Any money that goes to nuclear could be going to renewables, which would get us there more quickly.

That's a false dilemma. Nuclear and renewables provide different things, so they shouldn't be compared directly in an "either or" comparison, and certainly not on cost. Nuclear power provides a stable baseline, so you don't have to rely on coal/gas/diesel powered generators. Renewables cheaply but opportunistically provide power from natural sources that may not always be available but that can augment the baseline. The share of renewable energy in the mix is something engineers should figure out, not "the market".

Also, monetary cost shouldn't be the only concern. Some renewables have a societal cost too, for example in the amount of land that they occupy per kWh generated, or visual polution. I wouldn't want to live within the shadow flicker of a windmill for example.

[–] IchNichtenLichten@lemmy.world 7 points 2 years ago (4 children)
[–] Zink@programming.dev 5 points 2 years ago (2 children)

There’s an interesting point buried at the end of that article: electricity quality. With batteries in the loop, supply can scale with demand almost instantly, versus the time it takes for various types of power plant to adjust output.

[–] oo1@kbin.social 1 points 2 years ago

There's an equally buried link to a death by powerpoint that made me pray for a blackout before i could get anywhere close to understanding how that bar graph was constructed.

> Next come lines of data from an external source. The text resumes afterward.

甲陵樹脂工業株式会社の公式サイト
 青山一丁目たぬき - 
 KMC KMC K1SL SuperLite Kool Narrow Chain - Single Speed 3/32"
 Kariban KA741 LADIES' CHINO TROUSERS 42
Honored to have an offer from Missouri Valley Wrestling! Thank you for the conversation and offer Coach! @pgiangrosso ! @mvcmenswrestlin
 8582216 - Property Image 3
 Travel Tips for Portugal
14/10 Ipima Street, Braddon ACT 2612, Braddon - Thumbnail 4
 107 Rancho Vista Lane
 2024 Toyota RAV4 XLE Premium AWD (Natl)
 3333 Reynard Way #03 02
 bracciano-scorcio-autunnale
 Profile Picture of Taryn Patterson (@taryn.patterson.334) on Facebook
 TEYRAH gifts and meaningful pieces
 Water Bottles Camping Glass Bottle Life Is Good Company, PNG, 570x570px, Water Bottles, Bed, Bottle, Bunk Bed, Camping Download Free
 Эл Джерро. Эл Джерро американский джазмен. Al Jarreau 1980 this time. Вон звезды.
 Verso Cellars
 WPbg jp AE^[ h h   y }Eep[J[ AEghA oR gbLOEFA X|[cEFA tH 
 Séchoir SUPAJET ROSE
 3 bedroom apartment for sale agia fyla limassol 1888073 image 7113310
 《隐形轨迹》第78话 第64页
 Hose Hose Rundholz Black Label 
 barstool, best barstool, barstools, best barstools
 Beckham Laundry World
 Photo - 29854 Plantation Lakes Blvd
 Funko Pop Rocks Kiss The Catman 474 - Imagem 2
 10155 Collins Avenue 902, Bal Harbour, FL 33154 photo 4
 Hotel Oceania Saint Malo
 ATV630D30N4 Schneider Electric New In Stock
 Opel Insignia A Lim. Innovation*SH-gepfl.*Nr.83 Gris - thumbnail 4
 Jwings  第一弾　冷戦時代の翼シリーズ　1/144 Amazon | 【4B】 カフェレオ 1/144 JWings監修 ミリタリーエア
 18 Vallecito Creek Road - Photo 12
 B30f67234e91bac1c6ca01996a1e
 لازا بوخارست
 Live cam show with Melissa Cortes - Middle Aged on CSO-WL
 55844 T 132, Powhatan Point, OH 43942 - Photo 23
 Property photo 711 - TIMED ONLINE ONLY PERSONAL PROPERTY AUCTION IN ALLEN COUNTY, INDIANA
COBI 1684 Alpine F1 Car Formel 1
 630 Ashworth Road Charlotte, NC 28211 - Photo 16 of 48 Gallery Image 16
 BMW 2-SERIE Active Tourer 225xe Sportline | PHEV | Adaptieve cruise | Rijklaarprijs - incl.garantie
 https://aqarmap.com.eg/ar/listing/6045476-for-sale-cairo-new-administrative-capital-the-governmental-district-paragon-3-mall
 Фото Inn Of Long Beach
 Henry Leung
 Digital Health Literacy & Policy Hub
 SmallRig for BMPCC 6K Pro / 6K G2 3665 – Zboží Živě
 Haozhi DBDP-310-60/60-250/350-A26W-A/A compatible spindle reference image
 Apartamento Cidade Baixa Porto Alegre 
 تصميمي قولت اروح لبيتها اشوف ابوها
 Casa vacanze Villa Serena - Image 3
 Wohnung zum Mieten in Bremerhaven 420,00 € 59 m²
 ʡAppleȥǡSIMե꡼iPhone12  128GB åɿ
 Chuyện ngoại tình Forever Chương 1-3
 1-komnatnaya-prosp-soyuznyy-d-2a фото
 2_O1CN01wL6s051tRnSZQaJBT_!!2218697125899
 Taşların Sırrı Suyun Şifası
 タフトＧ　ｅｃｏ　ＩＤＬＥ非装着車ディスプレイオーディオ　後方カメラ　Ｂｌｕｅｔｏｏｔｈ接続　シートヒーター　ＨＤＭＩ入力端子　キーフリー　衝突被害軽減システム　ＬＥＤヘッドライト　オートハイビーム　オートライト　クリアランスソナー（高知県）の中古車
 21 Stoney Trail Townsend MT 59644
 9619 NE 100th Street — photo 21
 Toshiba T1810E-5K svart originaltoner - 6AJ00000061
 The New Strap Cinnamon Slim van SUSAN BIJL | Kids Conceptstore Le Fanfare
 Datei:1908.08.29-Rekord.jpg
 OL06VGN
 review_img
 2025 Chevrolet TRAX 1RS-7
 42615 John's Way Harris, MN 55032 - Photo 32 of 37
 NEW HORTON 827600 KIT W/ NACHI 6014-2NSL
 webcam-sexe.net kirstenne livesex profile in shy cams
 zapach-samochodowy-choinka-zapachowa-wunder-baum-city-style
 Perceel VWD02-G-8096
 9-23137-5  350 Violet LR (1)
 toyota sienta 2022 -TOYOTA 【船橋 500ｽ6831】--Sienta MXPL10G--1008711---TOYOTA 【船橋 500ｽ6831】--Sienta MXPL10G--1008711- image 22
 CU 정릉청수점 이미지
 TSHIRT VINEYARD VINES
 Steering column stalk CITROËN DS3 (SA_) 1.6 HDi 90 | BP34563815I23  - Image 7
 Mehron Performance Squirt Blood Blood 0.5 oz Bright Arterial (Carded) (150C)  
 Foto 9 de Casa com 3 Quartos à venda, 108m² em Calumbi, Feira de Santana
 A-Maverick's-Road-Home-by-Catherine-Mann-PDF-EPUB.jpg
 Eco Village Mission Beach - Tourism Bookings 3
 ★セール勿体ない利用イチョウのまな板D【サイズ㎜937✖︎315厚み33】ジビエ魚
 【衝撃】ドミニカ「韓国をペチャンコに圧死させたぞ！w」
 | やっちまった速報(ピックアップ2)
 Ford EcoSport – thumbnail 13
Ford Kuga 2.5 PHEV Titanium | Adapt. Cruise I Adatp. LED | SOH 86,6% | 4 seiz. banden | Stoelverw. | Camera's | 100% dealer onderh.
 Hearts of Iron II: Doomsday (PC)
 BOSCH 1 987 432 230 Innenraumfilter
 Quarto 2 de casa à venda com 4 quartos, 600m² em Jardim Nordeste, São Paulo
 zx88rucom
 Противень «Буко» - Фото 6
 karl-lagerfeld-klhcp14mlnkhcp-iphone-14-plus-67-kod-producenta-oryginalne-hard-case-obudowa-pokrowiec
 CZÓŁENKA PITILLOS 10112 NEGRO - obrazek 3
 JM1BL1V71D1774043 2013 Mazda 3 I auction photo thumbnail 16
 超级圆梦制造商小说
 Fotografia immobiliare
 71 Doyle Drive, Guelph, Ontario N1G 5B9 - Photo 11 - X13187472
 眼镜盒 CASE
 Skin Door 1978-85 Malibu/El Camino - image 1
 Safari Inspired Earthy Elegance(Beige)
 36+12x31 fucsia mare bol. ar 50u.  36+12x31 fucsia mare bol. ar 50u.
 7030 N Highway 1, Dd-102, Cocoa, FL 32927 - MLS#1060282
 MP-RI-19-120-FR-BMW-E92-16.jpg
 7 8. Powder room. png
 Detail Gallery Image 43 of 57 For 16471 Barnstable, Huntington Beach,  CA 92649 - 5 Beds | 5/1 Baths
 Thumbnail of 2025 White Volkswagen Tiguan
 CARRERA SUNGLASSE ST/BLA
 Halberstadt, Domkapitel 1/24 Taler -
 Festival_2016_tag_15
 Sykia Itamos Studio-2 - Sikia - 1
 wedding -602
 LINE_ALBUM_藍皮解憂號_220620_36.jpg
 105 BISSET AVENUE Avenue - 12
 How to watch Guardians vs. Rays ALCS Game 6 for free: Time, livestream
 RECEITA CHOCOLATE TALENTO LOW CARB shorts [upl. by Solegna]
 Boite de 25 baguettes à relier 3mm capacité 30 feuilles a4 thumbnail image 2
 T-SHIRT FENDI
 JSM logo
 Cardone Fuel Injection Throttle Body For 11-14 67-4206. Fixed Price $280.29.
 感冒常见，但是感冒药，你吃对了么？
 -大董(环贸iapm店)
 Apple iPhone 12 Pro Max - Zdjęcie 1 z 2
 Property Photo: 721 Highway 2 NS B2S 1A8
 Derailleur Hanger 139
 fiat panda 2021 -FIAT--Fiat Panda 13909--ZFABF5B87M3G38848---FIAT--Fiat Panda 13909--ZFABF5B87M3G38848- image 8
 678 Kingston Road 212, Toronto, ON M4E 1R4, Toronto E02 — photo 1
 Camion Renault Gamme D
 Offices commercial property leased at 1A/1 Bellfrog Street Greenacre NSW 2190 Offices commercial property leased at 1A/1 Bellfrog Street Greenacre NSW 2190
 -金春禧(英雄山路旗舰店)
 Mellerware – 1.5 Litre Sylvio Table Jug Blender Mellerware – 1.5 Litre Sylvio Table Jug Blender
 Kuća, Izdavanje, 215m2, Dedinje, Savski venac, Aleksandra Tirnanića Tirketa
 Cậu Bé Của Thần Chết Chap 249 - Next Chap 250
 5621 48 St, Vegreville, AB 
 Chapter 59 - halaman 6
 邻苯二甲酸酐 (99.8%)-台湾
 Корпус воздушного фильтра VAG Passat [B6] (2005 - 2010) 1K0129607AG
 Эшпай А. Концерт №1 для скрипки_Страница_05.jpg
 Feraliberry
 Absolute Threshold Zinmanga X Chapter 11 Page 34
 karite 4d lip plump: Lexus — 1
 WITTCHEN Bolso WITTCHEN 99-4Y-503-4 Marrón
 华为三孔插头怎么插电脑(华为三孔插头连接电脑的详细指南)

I can't vouch for the following being a necessarily better source, but this one seem a lot more upfront about some of their assumptions and sensitivities. In this adding storage to wind is seems to be +tens of dollars per MWh; a fair amount more than the +1-3 dollars per MWh shown in the cleantech article.
https://www.lazard.com/research-insights/2023-levelized-cost-of-energyplus/

So i'd like to know where these cheap battery cost assumption comes from - is it proven tech, available at scale , at that price?
just seems a bit too good to be true.